All values are means of duplicate enzyme assays.
Discussion
To date, there have been 2 published studies of the frequency of unrecognized Fabry disease among patients with cryptogenic strokes. Rolfs et al12 reported that 4.9% of 432 males and 2.5% of 289 females with cryptogenic strokes had unrecognized Fabry disease. Subsequently, Brouns et al13 reported that Fabry disease was not identified among 64 Belgian males with cryptogenic strokes. Contrary to the German report, our study indicates that Fabry disease is rare in young adults with first ischemic stroke of undetermined cause.

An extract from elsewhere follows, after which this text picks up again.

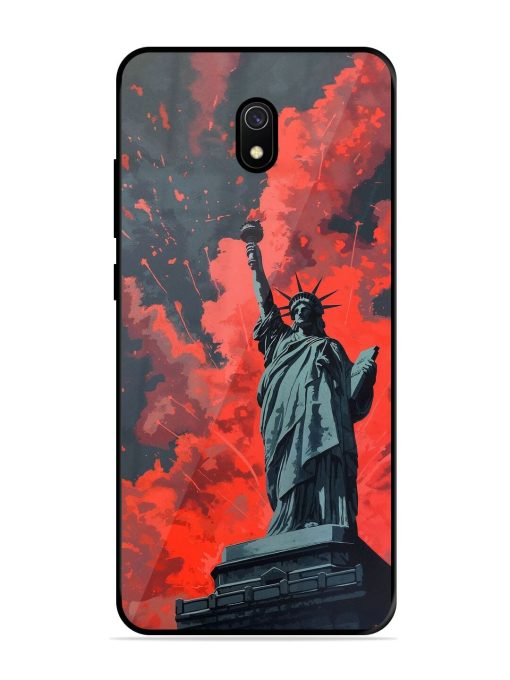 Lady Liberty'S Firework Finale Glossy Soft Edge Case for Xiaomi Redmi 8A Chachhi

It is likely that the wide discrepancy in reported prevalence of Fabry disease between our study and the German study is due to differences in study populations (Table 2). The German report12 suggested that unrecognized Fabry disease occurred in almost 5% of 18- to 55-year-old men with an otherwise undetermined stroke etiology. In that study, 10% of all cryptogenic stroke cases had multiple cerebrovascular events and 46.7% (10 of 21) of men with a cryptogenic stroke and a Fabry mutation had multiple cerebrovascular events. It is not clear if the German study included only patients with ischemic stroke or included a small percentage of patients with primary intracerebral hemorrhage.
Table 2.
First Ischemic Stroke | Recurrent Ischemic Stroke | |||||
---|---|---|---|---|---|---|
Total No. | No. With Fabry Disease |
Prevalence | Total No. | No. With Fabry Disease |
Prevalence | |
Rolfs* | 367 | 8 | 2.17 | 41 | 10 | 24.3 |
Brouns† | 46 | 0 | 0 | 9 | 0 | 0 |
Wozniak | 154 | 1 | 0.65 | N/A | N/A |
Estimated from reference 12 using the following 4 assumptions: (1) total of 432 men with any stroke, assuming the same rate of hemorrhage as entire sample (5.5%), then 408 men with any ischemic stroke; (2) assuming the same rate of recurrent stroke as in the entire sample (10%), then 367 men had an initial ischemic stroke; (3) 10 men with Fabry disease had recurrent stroke and 11 with initial stroke; (4) given the high mortality rate of hemorrhage, assuming that 3 men with Fabry disease and hemorrhagic stroke were all initial strokes, then 8 men with Fabry disease had initial ischemic stroke.
Dr R. Brouns13 and personal communication (Dr R. Brouns, 2009).
In contrast, our study included only first ischemic stroke cases. When the German study is reanalyzed to include only first ischemic stroke cases, the prevalence of Fabry disease is lower. The German data can be disaggregated into a prevalence of 2.17% patients with Fabry disease among 367 men with first ischemic stroke and a prevalence of 24.3 among 41 men with recurrent ischemic stroke. This lower rate is substantially closer to the rate we report. In addition, the mutations associated with the German cases were not reported, so it is possible that some of the cases may have had the D313Y polymorphism with low plasma enzyme activity, which has an allele frequency of approximately 0.5% among European-Americans but with near normal cellular enzyme activity.20,21
Our study is the first to look at unselected patients with first ischemic stroke. We had hypothesized that the metabolic defect of Fabry disease could be synergistic with other risk factors. In addition, Fabry disease may be associated with cardiomyopathy and the stroke would have been classified as cardioembolic rather than cryptogenic. However, there were no cases of Fabry disease in strokes of known etiology in our study.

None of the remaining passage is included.